Start of Provided records

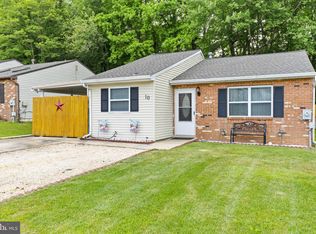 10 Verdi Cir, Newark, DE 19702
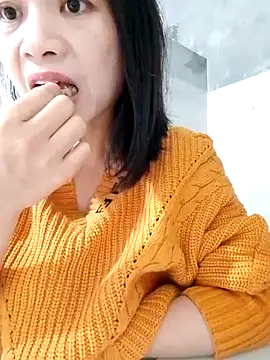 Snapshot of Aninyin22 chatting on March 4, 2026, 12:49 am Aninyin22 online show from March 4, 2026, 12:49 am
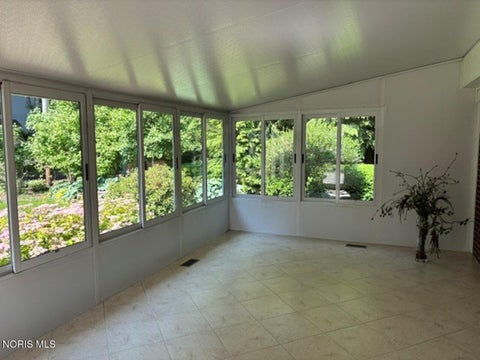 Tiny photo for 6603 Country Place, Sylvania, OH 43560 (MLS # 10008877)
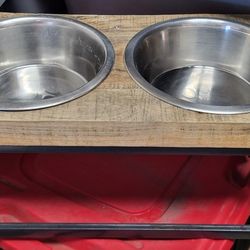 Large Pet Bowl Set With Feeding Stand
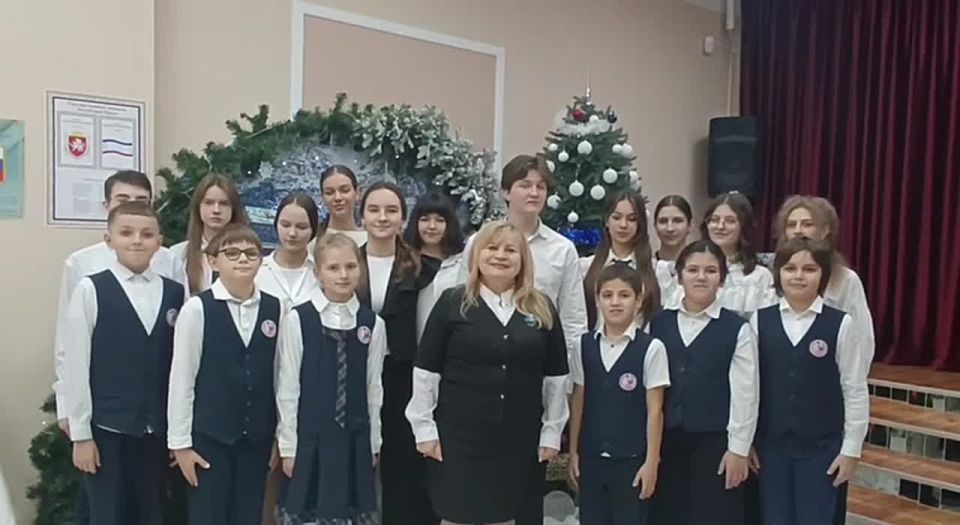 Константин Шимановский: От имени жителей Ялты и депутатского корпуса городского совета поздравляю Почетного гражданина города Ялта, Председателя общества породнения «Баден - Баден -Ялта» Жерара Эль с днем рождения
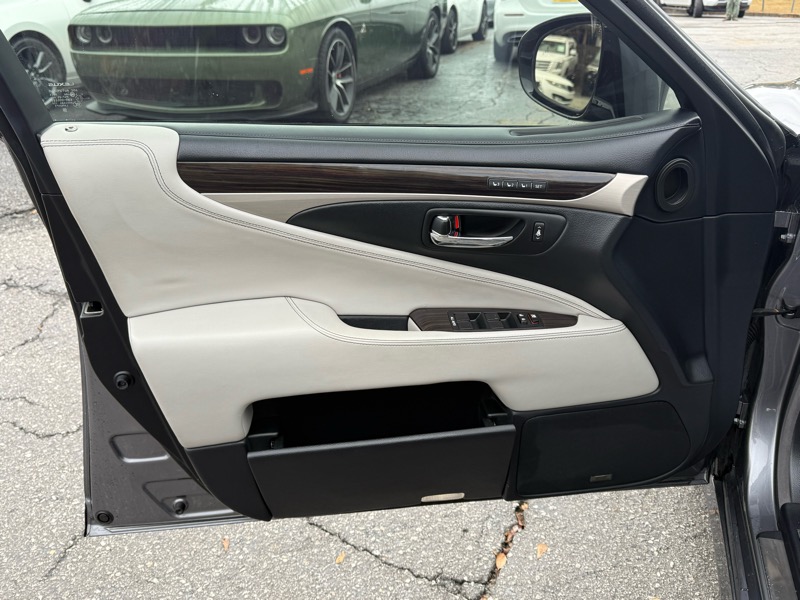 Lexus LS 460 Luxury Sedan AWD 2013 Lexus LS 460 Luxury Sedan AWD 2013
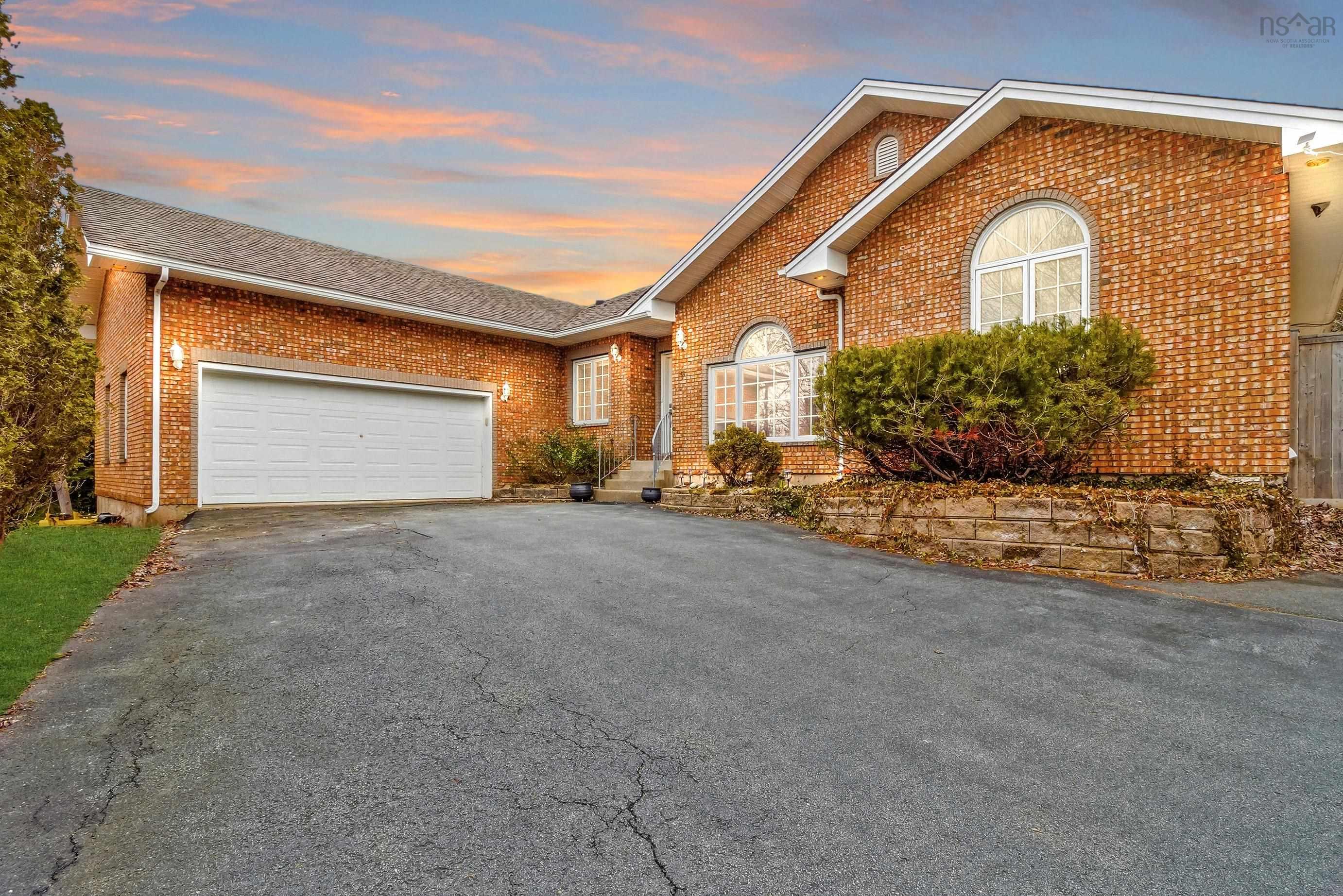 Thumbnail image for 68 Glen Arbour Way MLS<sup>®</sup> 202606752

End of Provided records

• **Exercise directions**
Are you able to set down all the lines above exactly, without any pictures?

• **Result of this exercise**
 10 Verdi Cir, Newark, DE 19702
 Snapshot of Aninyin22 chatting on March 4, 2026, 12:49 am Aninyin22 online show from March 4, 2026, 12:49 am
 Tiny photo for 6603 Country Place, Sylvania, OH 43560 (MLS # 10008877)
 Large Pet Bowl Set With Feeding Stand
 Константин Шимановский: От имени жителей Ялты и депутатского корпуса городского совета поздравляю Почетного гражданина города Ялта, Председателя общества породнения «Баден - Баден -Ялта» Жерара Эль с днем рождения
 Lexus LS 460 Luxury Sedan AWD 2013 Lexus LS 460 Luxury Sedan AWD 2013
 Thumbnail image for 68 Glen Arbour Way MLS<sup>®</sup> 202606752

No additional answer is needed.